Kelly Brewster made the ultimate sacrifice: she shielded her sister and niece when the bomb went off as they were leaving the arena. Her sister and niece suffered multiple injuries but will survive because Kelly protected them. She was an office worker who only the day before had put down a deposit on a house she was supposed to share with her boyfriend.

Villains

Very often there are evil perpetrators along with those shining lights of bravery. The one who decided his life objective was to bring tragedy and destruction to the world was a 22 year-old man named Salman Ramadan Abedi. He was a British Muslim whose parents came from Libya. Instead of contemplating a productive life now that he was living in a free country, Abedi embraced Islamic extremism. He studied business management at Manchester College but dropped out. Police believe he used his student loans, which are funded by taxpayers, to travel overseas and learn bomb-making.

This is what investigators have learned so far. It is certain more people were involved in this terrorist plot, their names most likely will be identified as more evidence comes to light.
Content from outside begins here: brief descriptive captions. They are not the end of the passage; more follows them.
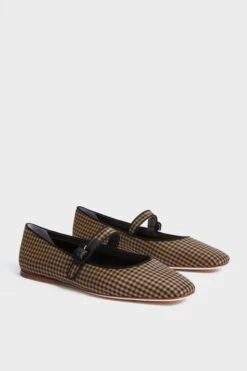 Loeffler Randall Black And Brown Check Ginger Flats -Loeffler Cloth Shop PJ4QzL2gRJgAkRcS8SlbmnUWnBxZnUXy 1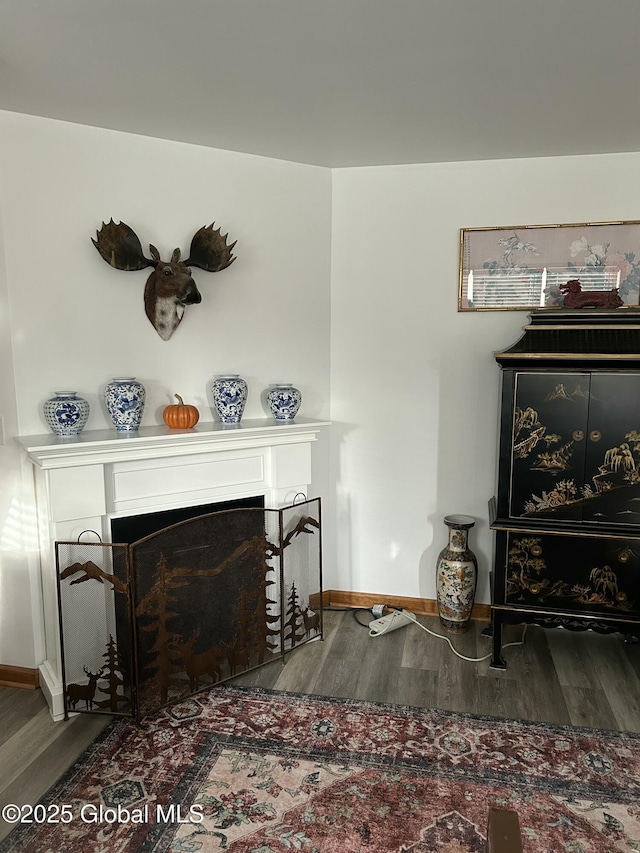 living room with hardwood / wood-style flooring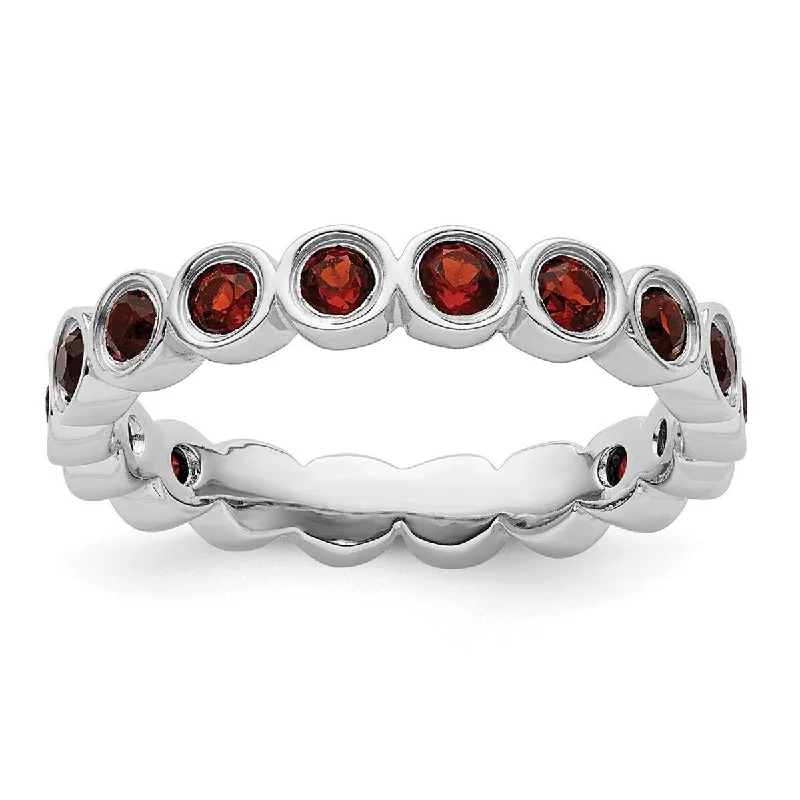 Curata 925 Sterling Silver Bezel Polished Patterned Stackable Expressions Garnet Ring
Many times acts of evil bring out the best in humanity. Nevertheless, the 22 killed and the 116 injured have caused devastation for years to come. While we wish this evil did not exist, at the very least it gives us a clear perspective of who are the heroes and who are the villains.

Note: After I finished writing this piece, it happened again: On Saturday, June 3rd, three Muslim terrorists in a van ran over and knifed people before being shot dead by police. Seven were killed and 48 injured. When will it finally end?